管家一进门便看见楚明智瘫坐在地上,衣裤已经湿透了,双手已经沾满了污水,一股子恶臭从他身上传来。
“你们怎么照顾殿下的,若是让皇后娘娘知道,小心你们的脑袋。”胡管家怒喝一声。
府丁和丫鬟才慌忙的从四处奔跑而来。
一个府丁连忙扶起楚明智,不断的和胡管家认,“胡管家,刚才王爷来过,说要单独陪陪殿下,让我等回避,不知王爷何时走的,竟然将殿下独自扔在院中。”
“就算王爷让你们回避,你们也得时常关注殿下啊!”
“好了,快带殿下去沐浴更衣,衣服都已经湿透了,可别感染风寒,皇后娘娘怪罪下来,我们可吃不消。”胡管家一脸严肃道。

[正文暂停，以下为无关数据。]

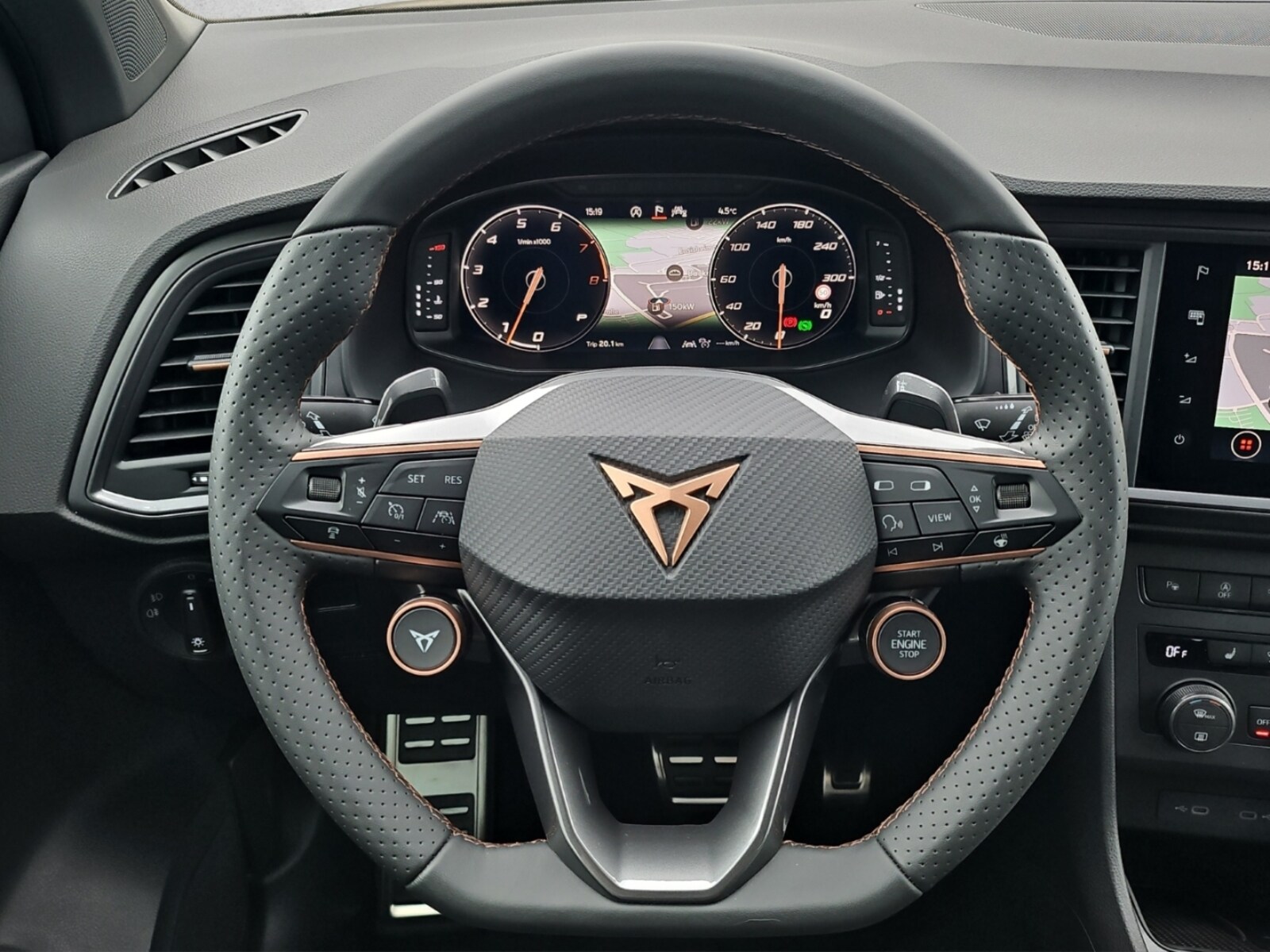 CUPRA Ateca – Bild 13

楚明智坐在浴桶里,空气中弥漫着闷热的气氛,楚明智坐在浴桶里闭目养神,脑海里不断浮现楚泽佑的那句话,“你身为大皇子,肩负家国重任,实在不应该装疯卖傻,逃避现实。”
他确实是在逃避,因为他亲眼目睹皇室战争的残酷,手足相残,同室操戈都是常有的事。
他害怕手足相残,更害怕背负千古骂名,奈何他是皇室嫡长子,这是不可更改的事实。
他从前一直选择逃避,不敢直面问题,今日楚泽佑的话深深刺痛了他,或许他不应该选择逃避了,有些事情也该公诸于众。
很快就迎来了刺绣大赛,宫里人声鼎沸,热闹非凡,很多名门贵族的小姐都参与这次大赛,其中还有身份尊贵的公主和郡主。
大赛的场地就设在皇后娘娘的瑞安宫,因为人数较多,场地局限,所以此次比赛分为三波,但考题都是一致的。
作品分为一等,二等和三等三个等级,一等作品只取一名,二等作品十名,三等作品十五名。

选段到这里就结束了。